人はなぜ生きるのか。それは生きているから。生きていることは素敵なことなのです。

運動会の行進練習

2018年09月13日 16時05分02秒 | Weblog

  曇り空だったので運動会の練習にはもってこいだった。運動場では朝早くから、全体練習と各学年ごとの練習が繰り返し行われた。運動会の当日、子どもたちが迷わないように、入場から退場まで、先生たちは厳しく指導していた。全体で歌う校歌は相変わらず、「もっと大きな声で、元気よく」と檄が飛ぶ。いい歌なのに、そんなに怒鳴るように歌うことないのにといつも思う。

 行進練習もそうだ。「前へ進め」の掛け声でピタリと動き、先生の吹く笛のリズムに全員がひとつになって動く。ひとりでもぎこちなく動けば、「合っていない」と注意が飛び、何度も繰り返し練習する。停止する時も必ず、「イチ、ニ」で止まる。出来なければもちろんやり直しだ。子どもたちも前を見つめ、声を合わせて真剣そのものだ。

 私は教育実習で小学校へいったことはあるが、運動会の時期ではなかったので、こうした行進練習にどんな教育的効果があるのか知らない。知らないというより懐疑的だ。まるで北朝鮮の軍事パレードみたいと思ってしまう。
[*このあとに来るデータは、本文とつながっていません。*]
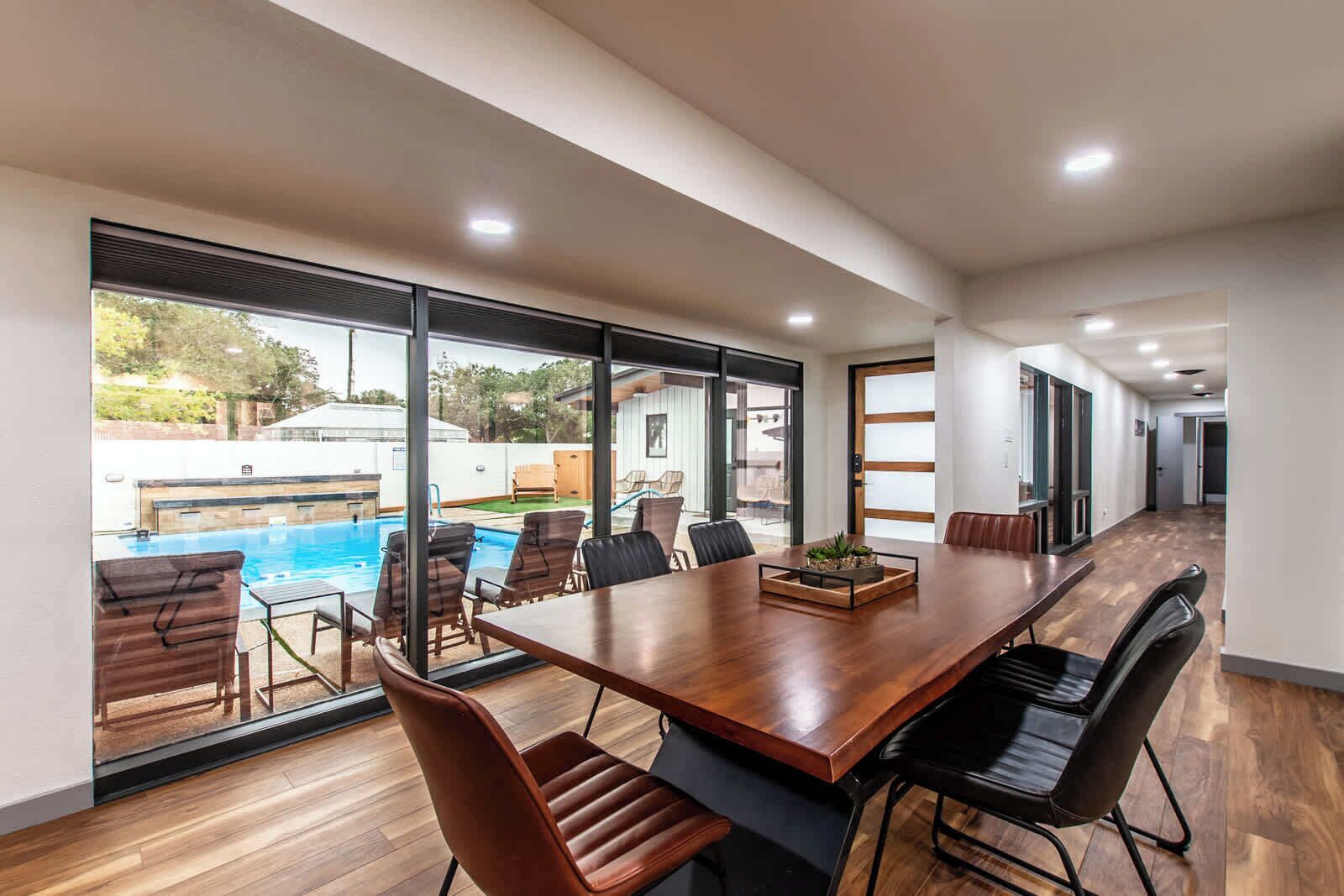 A spacious indoor area with a large wooden table and chairs, large windows offering a view of an outdoor swimming pool.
一糸乱れぬ行進は、「みんなを見に来てくれるお父さんやお母さん、おじいちゃんやおばあちゃんにしっかり見てもらおう」と、先生は意味付けしていた。

 「ピッ、ピッ」と自分の吹く笛で、機械のように動かせることに先生は満足かも知れないが、何度も同じことをさせられる子どもたちは気の毒だ。私は小学生の時も、中学生の時も、どうしてこんなに行進練習をしなくてはいけないのかと思ったのに、口には出さず、黙々と従った。高校で生徒会長になって、自分の前をみんなが隊列を組んで行進するのをちょっと得意になって眺めた。

 どうやら人間は高い所に立つと、なぜかエラクなったように思ってしまう。たいしたことのない人間でも、何かの弾みで高い所に祭り上げられると、それだけで格別な存在になったと錯覚してしまう。そんなことを思いながら、先生たちの厳しい檄を聞いていた。運動会はいつ行われるのだろう。